Alberi e boschi ripari ci proteggono dalle alluvioni (VERO)
La falsa credenza che la vegetazione possa costituire un fattore di rischio per le esondazioni, frutto talvolta della confusione tra corsi d’acqua di montagna e fiumi di pianura, può indurre all’eliminazione sconveniente degli alberi e arbusti delle zone riparie. «Come indicato nella Direttiva Europea sulle acque 2000/60 e nel Decreto Legislativo 152/99, la tutela e il ripristino dei boschi lungo le sponde dei fiumi di pianura sono strategie fondamentali per la gestione del fiume e il controllo delle piene» spiega Giorgio Vacchiano, ricercatore in scienze forestali dell’Università Statale di Milano. «L’influenza positiva della copertura vegetale sull’idrologia dei fiumi di pianura» prosegue Vacchiano «si esercita attraverso il contributo alla stabilità e la difesa delle sponde, limitando così la pericolosità delle inondazioni». Per “pulizia degli alvei” non si intende quindi la rimozione di alberi e inerti, bensì la rimozione, da operarsi per lo più nei torrenti, del materiale flottante che può ostruire e ostacolare il normale o aumentato deflusso dell’acqua. Infine, oltre a costituire un elemento fondamentale degli ecosistemi ecotonali e delle zone umide, la vegetazione arborea, arbustiva ed erbacea spondale può agire da efficace fascia tampone, modificando le proprietà chimico-fisiche del suolo, e limitando la contaminazione delle acque superficiali e sotterranee da parte delle sostanze inquinanti di origine antropica, come i fitofarmaci.

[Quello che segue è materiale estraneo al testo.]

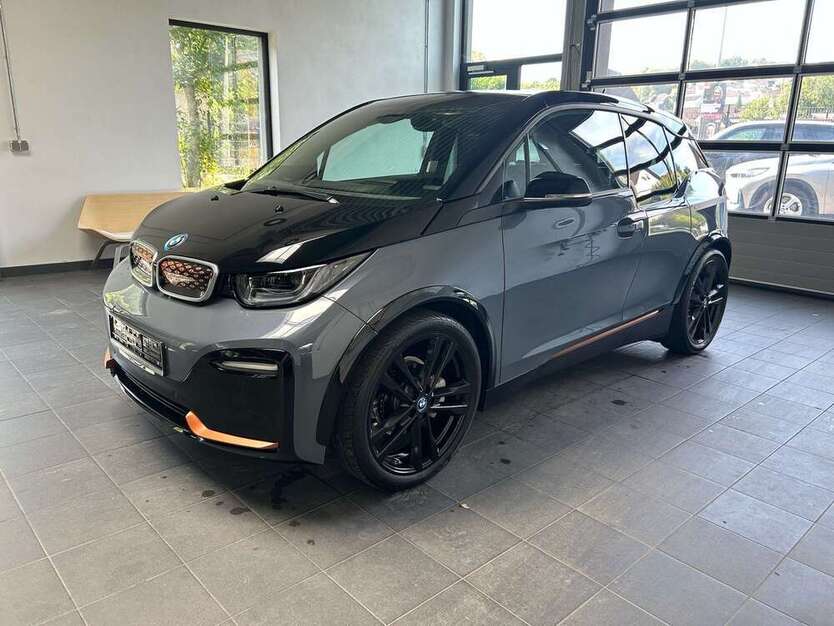 i3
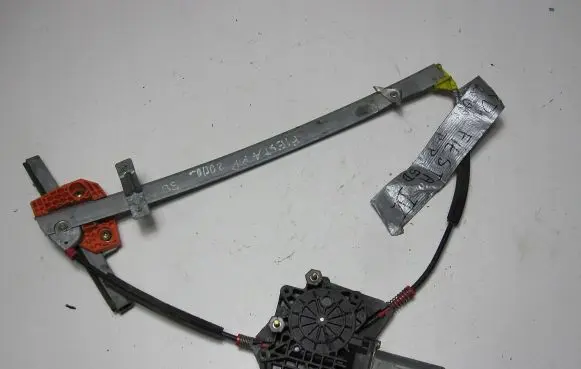 Ford Fiesta Front door window regulator with motor 0130821683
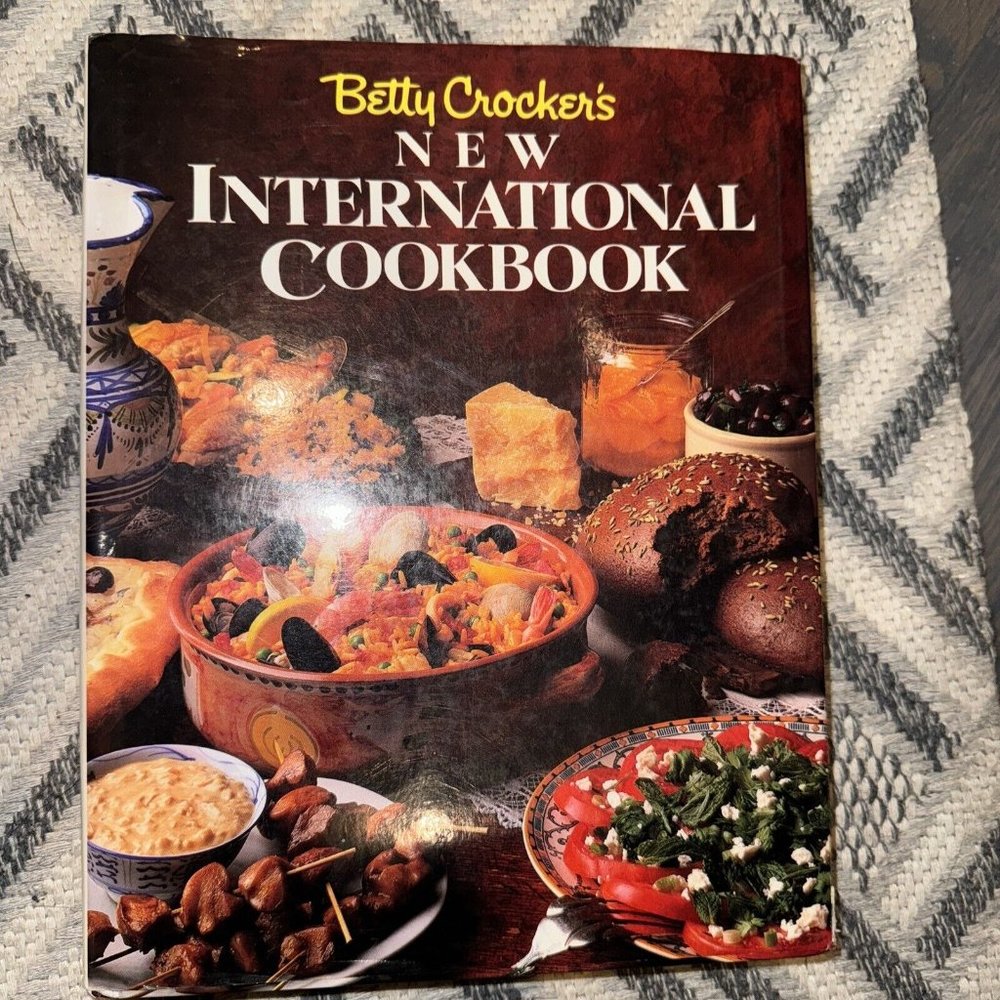 BETTY CROCKER'S New International Cookbook 1989 1st Ed HC DJ VINTAGE 450 Recipes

Parlare dei corsi d’acqua solo in occasione dei danni da alluvioni e siccità genera disinteresse e disinformazione, con l’effetto di renderci ancora più vulnerabili e impreparati ad affrontare le future sfide ed emergenze dei nostri fiumi e torrenti. L’inquinamento, il consumo di suolo, il crescente fabbisogno idrico e l’aumento delle temperature, infatti, sembrano non bastare a tener desta l’attenzione. Secondo le stime, entro la fine del secolo potremmo assistere nel nostro Paese a una riduzione fino al -25% nelle precipitazioni e -50% nella portata dei corsi d’acqua. Per gli italiani, non si tratta solo di render giustizia a uno dei più preziosi patrimoni idrologici a livello mondiale, ma di ridurre quantomeno i rischi e le pressioni a cui questo è sottoposto, per la nostra stessa sopravvivenza e benessere. Quel che è certo è che il legame tra l’uomo e i corsi d’acqua, troppo spesso trascurato, merita e necessita al più presto di essere riscoperto.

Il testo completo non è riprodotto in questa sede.